The lack of pressure was important too. If I was going to wear this jumper when I’d need it, then I had 10 months to get it finished, now I’m not a fast knitter, so even I thought 10 months was probably long enough. Of course it has turned out that I might not have it finished in 10 months, but that’s more because I’ve found so many other things to knit for people, and a Norwegian jumper for myself. Yes, another instance of not being told something was hard to do before trying it. I saw the Torino 2006 jumper on the Dale site and decided that that was the jumper for me for next winter. So I ordered the yarn, all 30 balls of it, and set to work. I currently have the first arm finished and will get to the other parts over the coming months. Again no pressure, and don’t ask how hard something is meant to be before you start knitting it. Even if it had turned out that I was hopeless are colour knitting (and I’m by no means an expert at it  now – it’s slow, but that’s fine) I would still have had 30 lovely balls of wool in beautiful solid colours for other projects.

To give yourself the freedom to give anything a go, there is one more secret – don’t set a schedule. Let the knitting take as long as it takes. The way I ensure this is not to tell anyone that you’re knitting something for them. I gave myself 4 months for my mother’s Christmas cardigan, and it will be finished in plenty of time for Christmas – but she still doesn’t know she’s getting it. I had thought of doing a pair of socks each for my two nieces for Christmas, but if I don’t get those done, I’ll give them some money for clothes and they’ll get the socks for their birthdays later in the year. If you knit without a deadline, you can pick the knitting up and put it down when you feel like it, not because you have to.

So find that project you like the look of, but you’re not sure you can handle, and just cast on. Don’t do it as a specific occasion gift, do it for yourself, or just give it to whomever when you finish as a nice surprise. Talk to people and get help when you need it, but don’t let them tell you to try something simpler, it you want it, go for it. If it doesn’t work out, you’ll turn it back into stash yarn and it will end up in another project – no loss there – but more likely you’ll surprise yourself with just what you can do. But it won’t happen until you just cast on.


  1. I am working through the wonderful backlog of S & S podcasts–and this one really helped me. I was bogged down with learning socks on my own–and your essay gave me a good kick in the pants. Thanks!

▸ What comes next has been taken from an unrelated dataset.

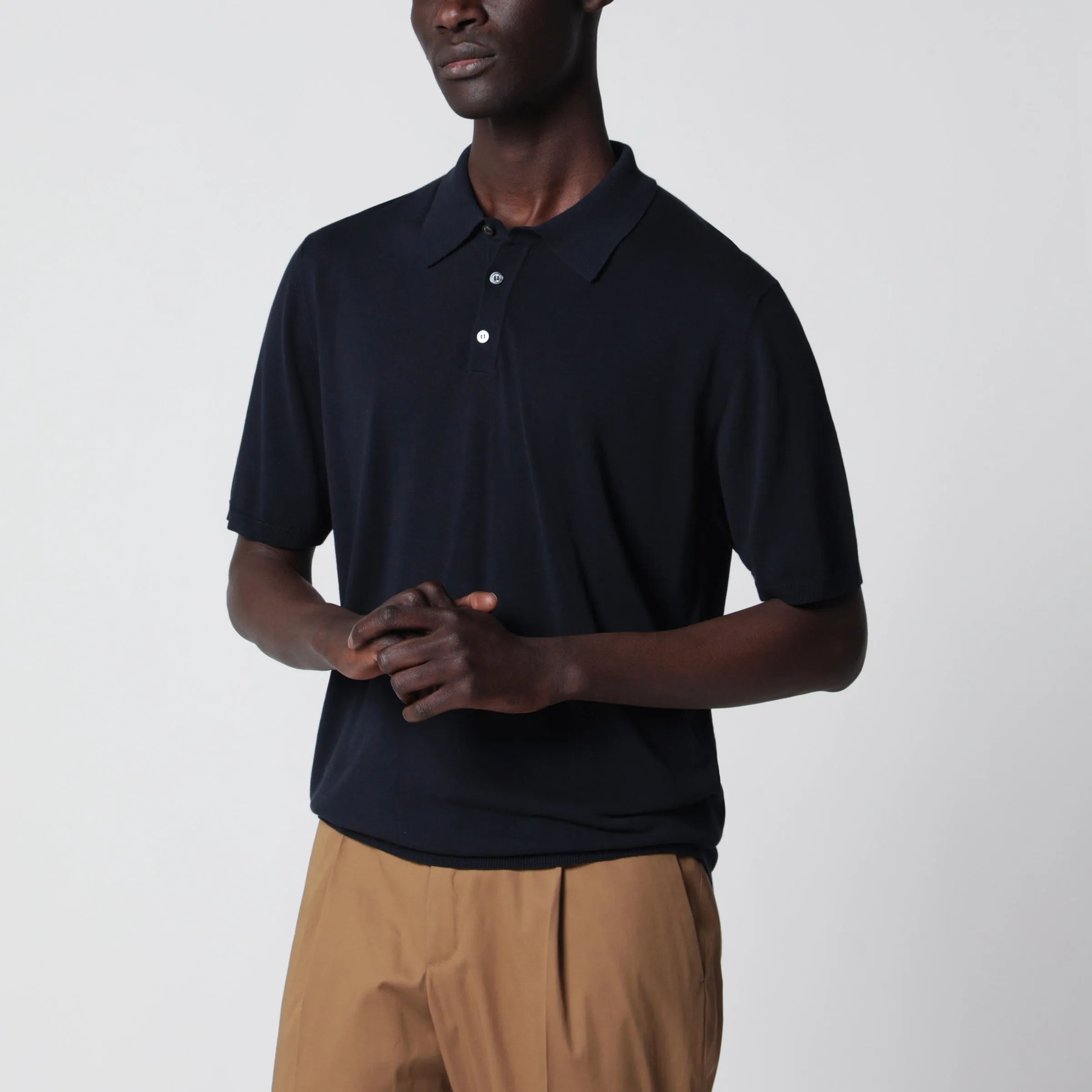 Regular Cotton Polo Navy Blue sold by Wanan Luxury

    Comment by Bev from Chicago | 6 July 2008

  2. In 2005, I returned to my home town, Minneapolis, after an absence of 35+ years. I first learned to knit in 1970 after beginning a new career as a secretary in Denver. The learning process for knitting then was very different. Away from Mpls roots and in a new environment, I just grabbed knitting books, needles, yarn, and other goodies knitters collect to create a new hobby. I didn’t have a car, television, or computer to guide and motivate me in this new endeavor. Through patience, determination, and practice, I fell in love with it. I eventually graduated to making slippers (loved ’em), a cabled sweater, scarves, etc. As my life slipped quietly into the fast lane, knitting desires unraveled.

    Now retired, I’ve returned to the joy of this activity once again. So far, I’m keeping my needles down to at least four, and try new yarns for a few new projects at a time, such as scarves and dishcloths. I use each project to guide me into new skills for each creation. However, the temptation to buy out a yarn shop is sooo grand, especially when I see such a variety out there.

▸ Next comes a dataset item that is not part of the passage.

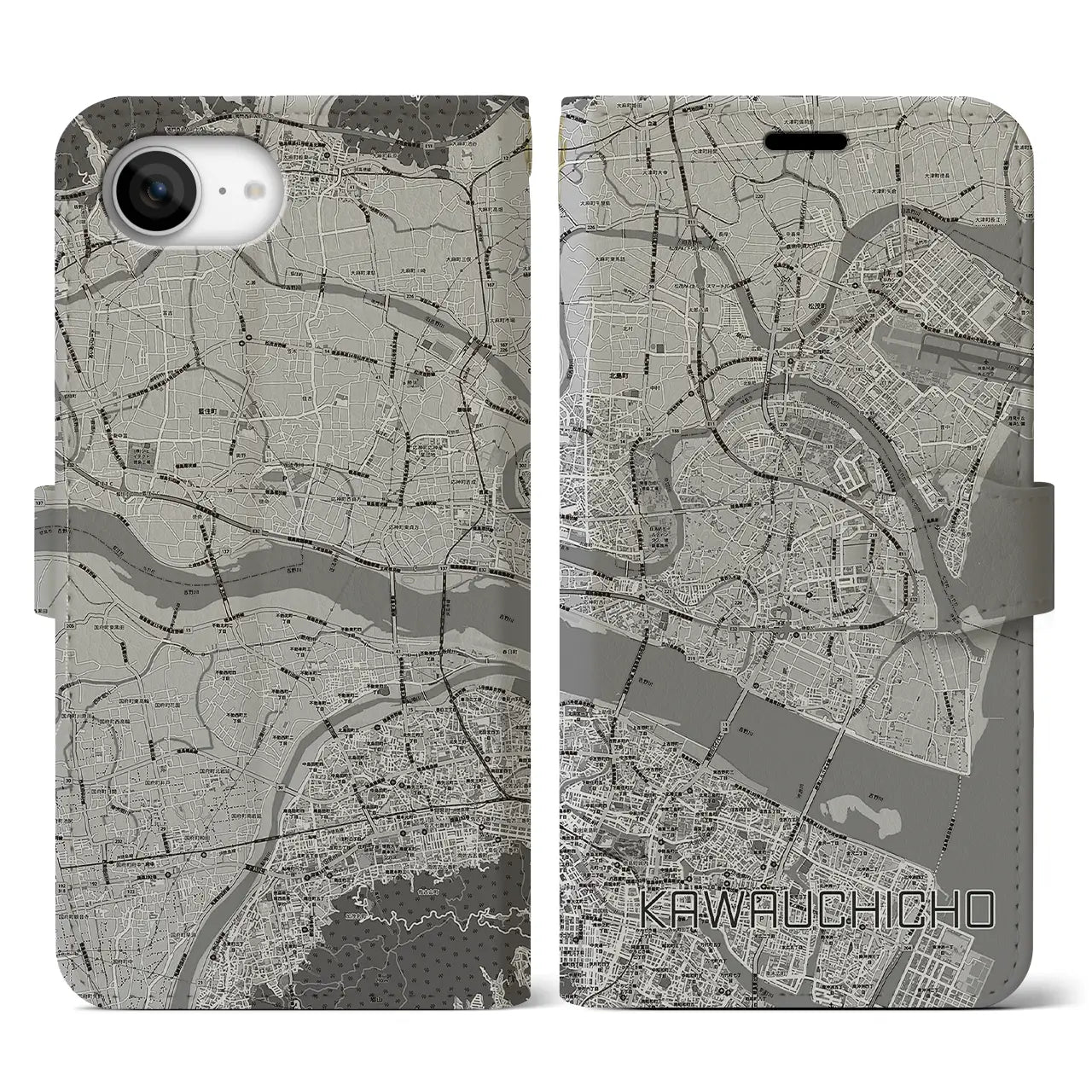 【川内町(徳島県)】地図柄iPhoneケース(手帳タイプ)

    I’m grateful for all the internet instructions, blogs, and endless ideas on such a global level. It boggles my mind on how the world has evolved with the explosion of internet communication. I’m learning to pace myself on my knitting time so I don’t get “burned out” with so many things I want to make. I’ve also joined a group of knitters who meet once a week just for our knitting pleasures to chat and help each other with knitting problems, etc., and laugh along the way.

    I tell myself, “Welcome back, Diane. It’s good to be home again.”

    PS. This is my first ever in submitting a comment on the internet. You obviously hit a note as I read your essay. Thanks.